We're going to model stuff using sets and transformations (processes, functions) between sets. In this setting, the query method becomes the process that given some input parameters uses the Quantum Leap DB to carry out the above tasks to deliver query results. We're going to think of each task as a function and query as their composite—a task pipeline if you like. Narrative in the below sections.

Preliminaries

I'm going to use standard notation from set theory that should be familiar—shout if not! Also, here's some notation from list processing theory that will come in handy. If S is a set, then [S] (list of S) is the set of (finite) lists with elements in S and if s1, s2, ... ∈ S, [s1, s2, ...] ∈ [S] is the list containing s1, s2, ... in that order whereas [] is the empty list. Given a list xs ∈ [S] and a predicate p : S ⟶ Bool, we can build the sub-list of all elements of xs for which p is true: [ x ∈ xs | p(x) ]. (List comprehension, the analogous of set builder notation for lists.) Later on we'll use the list join operator ++ defined by

[x1, x2, ...] ++ [y1, y2, ...] := [x1, x2, ..., y1, y2, ...]

I'm going to use a similar semi-formal, intuitive style of function definition throughout to avoid pedantry—you may call it "accurate" pseudo-code...a bit of an oxymoron! However, keep in mind it's quite easy to turn each definition into a "computable" one. For example, denoting with (h:t) a list with a head element h and a tail t, it's trivial to give a precise definition of ++ by recursion

[]     ++ ys = ys                -- base case
(x:xs) ++ ys = x : (xs ++ ys)    -- inductive step

Indeed we could use a language like Haskell to develop a type-checked, executable spec to play with—the above is actually valid Haskell. But I'm going off on a tangent here. Perhaps an avenue we could explore in the future but this isn't about formal specs, it's rather about building a simple and reasonably accurate model without going heavy on maths.

Quantum Leap DB

Since we're only interested in the data, we can think of Quantum Leap DB as a subset of the set Tbl of all tables defined in Crate

DB = { entity and metadata tables in QL database } ⊆ Tbl

A table T is just a set of tuples from a given Cartesian product A × B × ..., i.e. T ⊆ A × B × .... The only kind of DB operations the query method sends out are single-table queries and we model any one of them as a transformation from a table T to a list of tuples.
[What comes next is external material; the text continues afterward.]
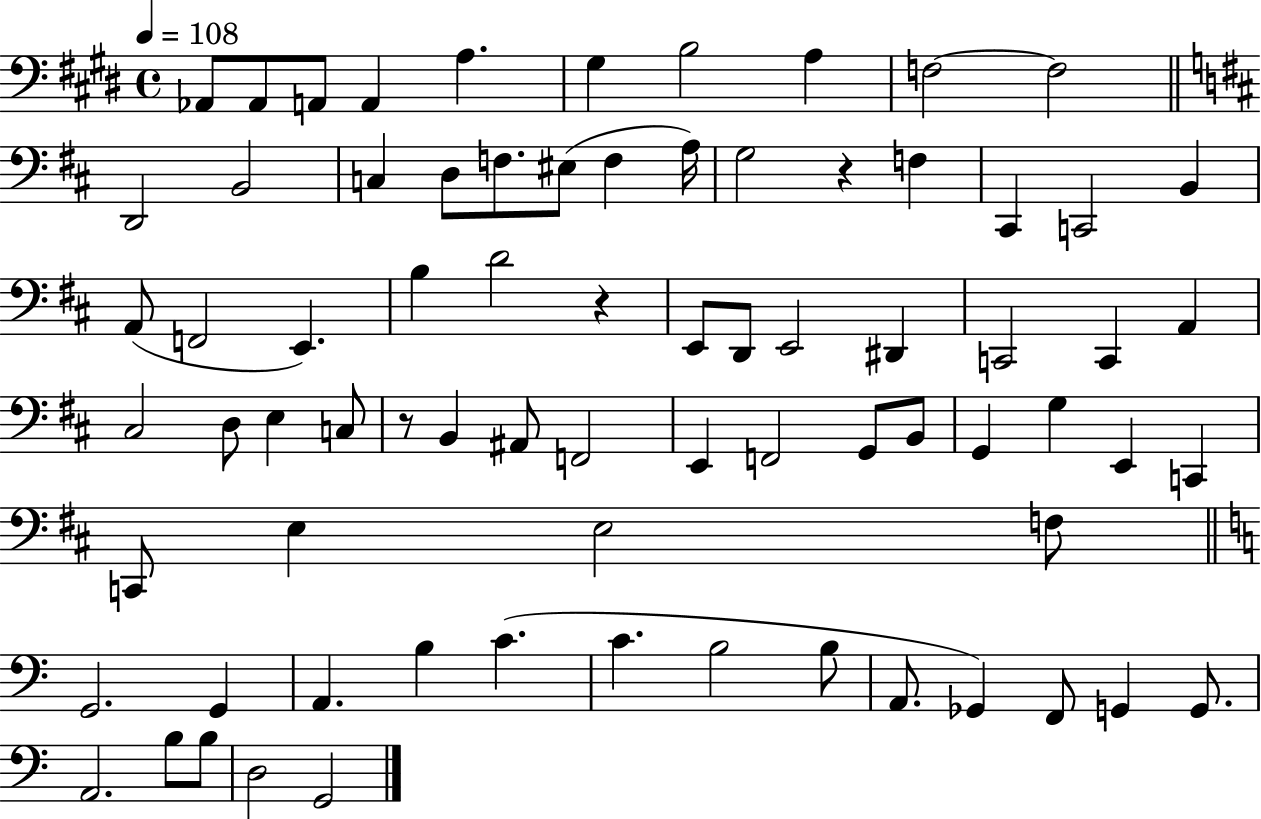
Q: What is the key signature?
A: E major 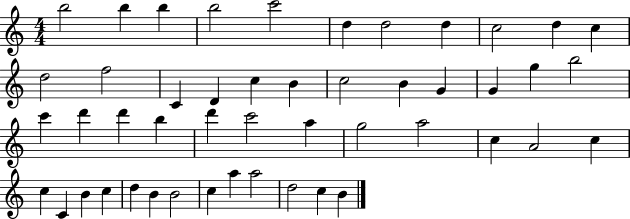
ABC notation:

Throughout the next sections, we'll fix this set DB so it becomes "implicitly" available to define functions operating on it. If DB appears in a function definition, think of it as stand-in for a database call. Sort of a dirty trick, but it simplifies things a bit. (Technically, we're defining families of functions indexed by Quantum Leap DB instances. An abstract algebraic model with functors, monads, etc. would be a better choice here but that's only palatable to maths buffs.)

Target tables

We start with the tables the query method targets which is where we pull entity data from. To figure out which tables to query, the Python code looks at the method's input parameters—call them Params. Specifically, it lists all tenant tables according to the input FiWare service if there's no input entity type; otherwise it picks, out of the same lot, the tenant table (if any) matching the input entity type. So we have a function that given Params produces a list of DB

target : Params ⟶ [DB]
target(in) := [ T ∈ DB | tenant(T) = in.service ∧ match(T) ]
    where
      match(T) := (etype(T) = in.etype)    if ∃ in.etype
      match(T) := true                     otherwise

Notice that

match(T) = false  ⟹  target(in) = []

i.e. if we have an input entity type but there's no match for it among the tenant's tables, then there will be no target tables—empty list.

SQL query building

The next step builds the SQL query to collect the entity data the client requested. First off, a predicate p on entities gets built out of the input parameters. This is a generic predicate of sorts involving input entity IDs, from/to date, service path and geo query parameters. Since all entity tables in the Quantum Leap DB have those columns, p will work no matter the actual table rows it gets applied to. Call

Attr := [ x, y, ...]

the list of entity attribute names the client requested. I'll pretend these names are the same as column names to simplify things a bit—in actual fact, input attribute names get lower-cased and quoted before being used as column names. The SQL that gets built looks like

SELECT e.id, e.type, e.x, e.y, ...
FROM <T> e
WHERE p(e)

<T> is a placeholder for the table name to replace when the SQL gets run on a table T and e is a mnemonic for entity row. Notice this SQL works as long as T has all the columns in the requested attribute list, in symbols

PC(T) : ∀ a ∈ Attr ∃ T.a

i.e. we have a projection constraint which will result in a SQL exception if not satisfied.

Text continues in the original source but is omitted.